Delaying camera feed with AVFoundation Framework

7 min readOct 30, 2020

For the last couple of weeks, I’ve been working on a project where I had to delay the camera feed of an iPhone with some milliseconds.

Using the AVFoundation Framework allows us to customize and configure the camera’s settings. It’s the highest level framework for all things audio/visual in iOS, it’s very powerful and it gives you all the flexibility you could possibly want.

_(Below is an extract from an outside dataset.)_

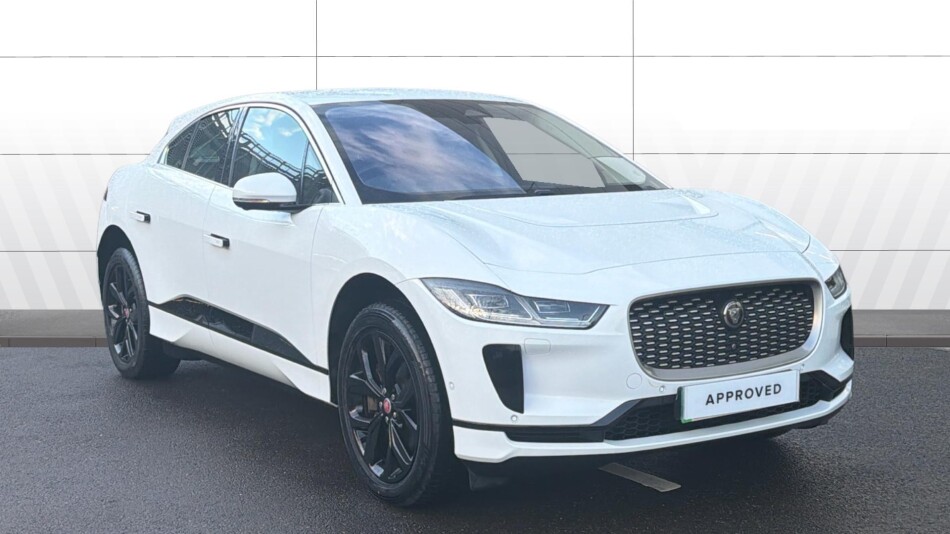 Jaguar I-Pace 294kW EV400 HSE 90kWh 5dr Auto [11kW Charger] Electric Estate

The process of creating a delay with a great user experience was very difficult. So I hope this tutorial saves a lot of headaches for those developers who need to do the same.

Let’s dig in!

Allowing our App to access the camera

First of all, we have to allow our App to access the iOS camera. To do that, we have to add a key (NSCameraUsageDescription) in the Info.plist file and a message that explains why we need to access the camera. This message will be shown by the app at the beginning.

Creating the necessary properties

Now, we have to import the framework and create the properties we need to work with the iOS camera (I recommend having a specific file to manage the camera logic e.g. CameraFeed).

We are going to use the following classes:

AVCaptureSession: An object that manages capture activity and coordinates the flow of data from input devices to capture outputs.

AVCaptureDevice: A device that provides input (such as audio or video) for capture sessions and offers controls for hardware-specific capture features.

AVCaptureDeviceInput: A capture input that provides media from a capture device to a capture session.

AVCaptureVideoDataOutput: A capture output that records video and provides access to video frames for processing.

Configuring Camera

To set up the camera, we have to initialize our properties with some configurations which depend on what we need.

Let’s create our first method which is to set up the capture session.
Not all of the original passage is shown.